Caption-style text data.
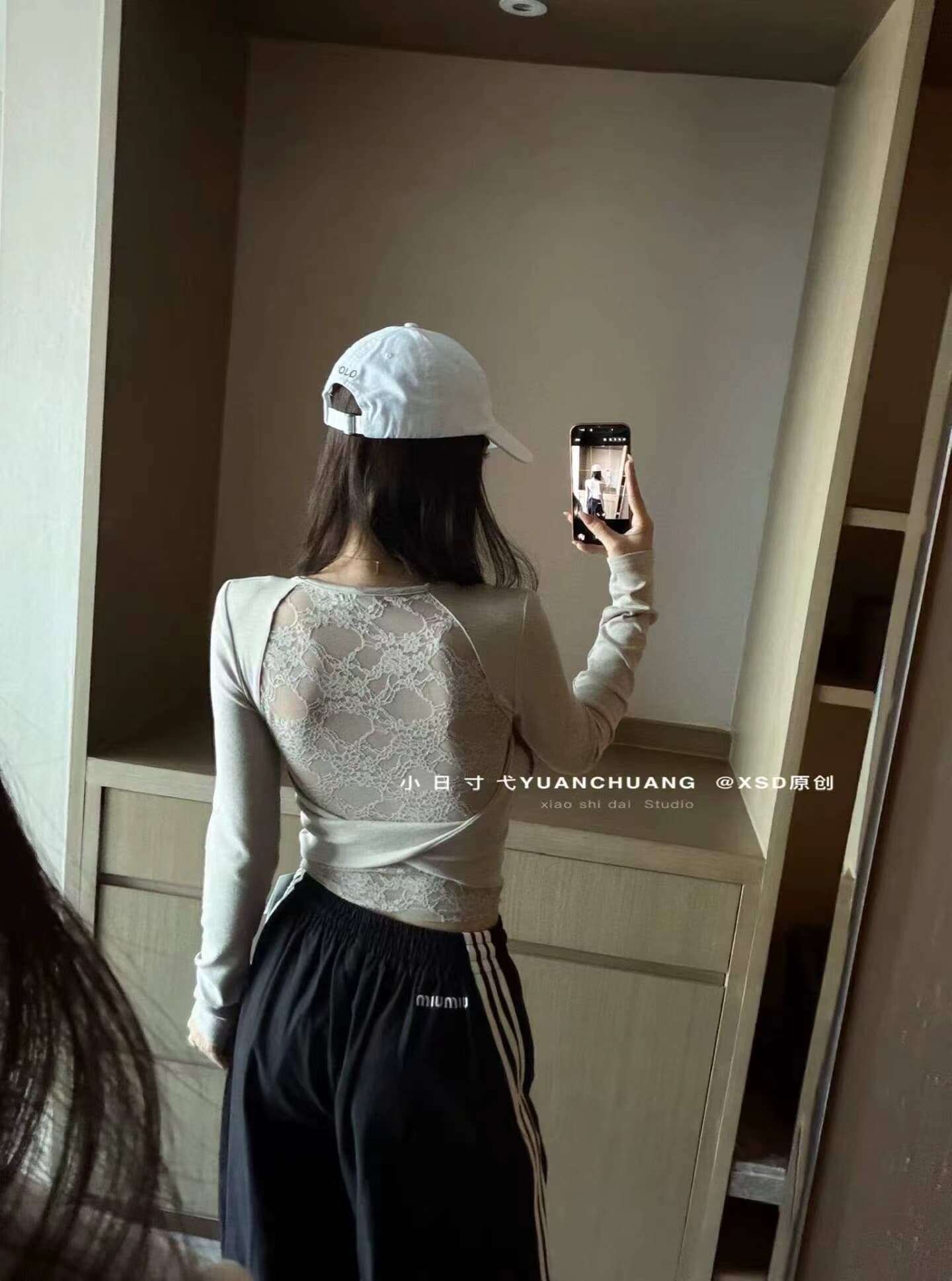 작은 시대 2026 가을 새로운 레이스 조각 u 칼라 긴팔 티셔츠 몸매 가꾸기 슬림해 보이는 기본 셔츠 순수한 욕망 핫걸 맨위 상세 이미지 15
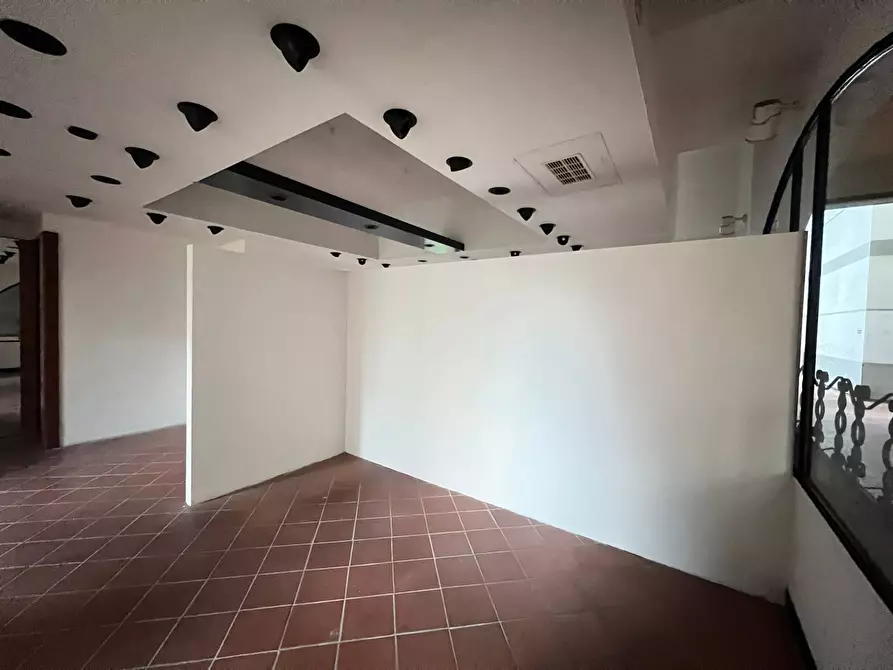 Immagine 5 di Attività commerciale in affitto  in Corso Italia a Pisa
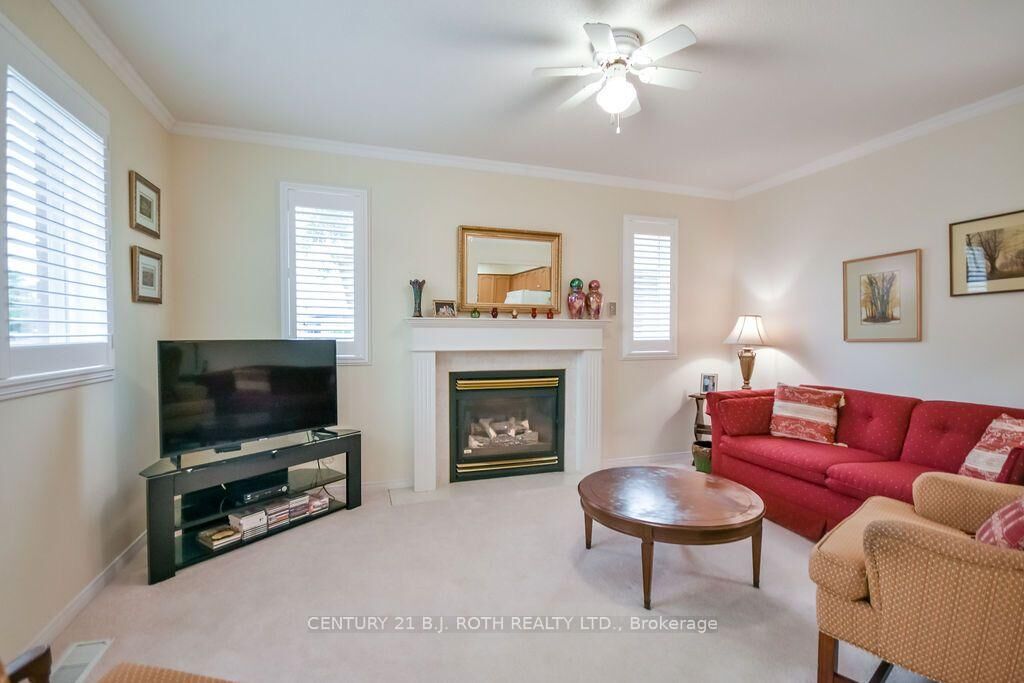 Property Photo: 62 Benson Drive ON L4N 7Y2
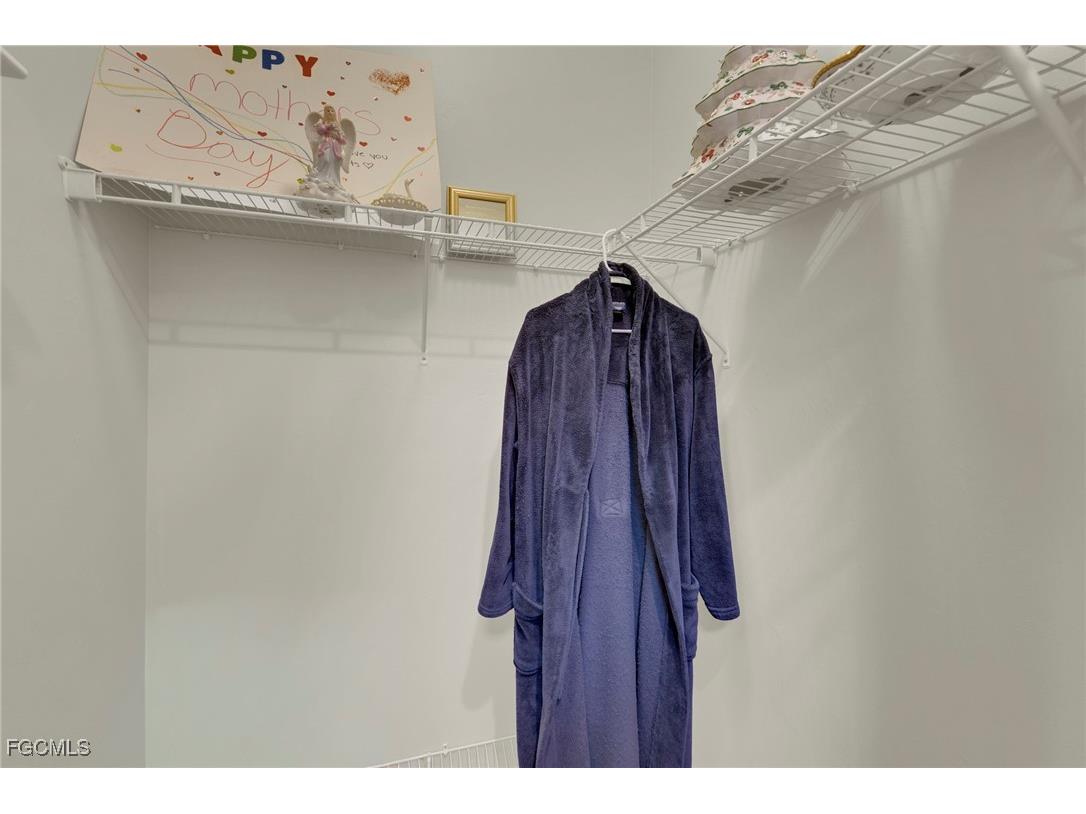 8720 Westwood Oaks Place Fort Myers FL 33908 2025017995 image26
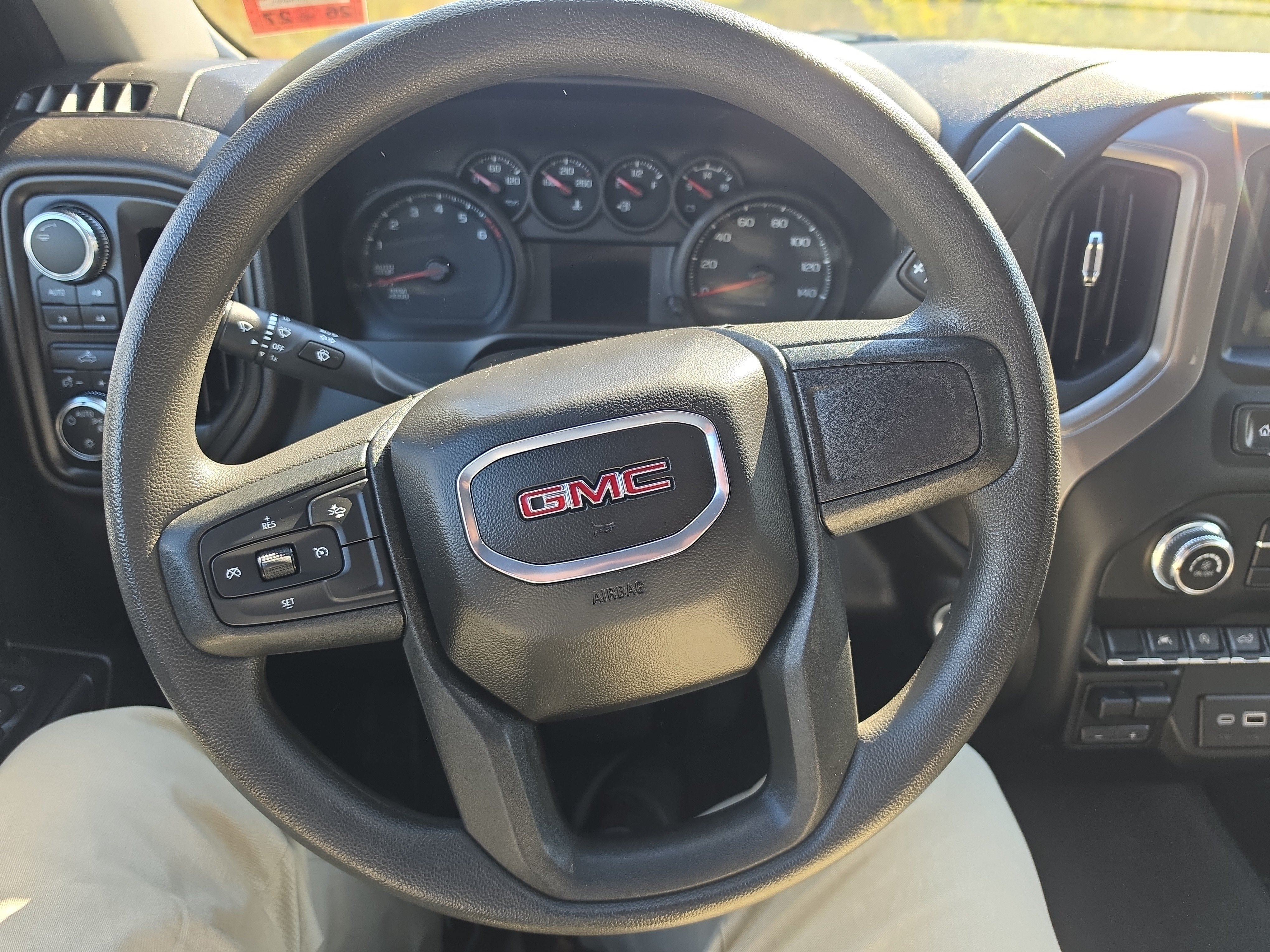 2024 GMC Sierra 1500 Pro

YOUR OBJECTIVE. Each entry should be transcribed exactly as given, with pictures omitted.

SOLUTION TO THIS EXERCISE.
 작은 시대 2026 가을 새로운 레이스 조각 u 칼라 긴팔 티셔츠 몸매 가꾸기 슬림해 보이는 기본 셔츠 순수한 욕망 핫걸 맨위 상세 이미지 15
 Immagine 5 di Attività commerciale in affitto  in Corso Italia a Pisa
 Property Photo: 62 Benson Drive ON L4N 7Y2
 8720 Westwood Oaks Place Fort Myers FL 33908 2025017995 image26
 2024 GMC Sierra 1500 Pro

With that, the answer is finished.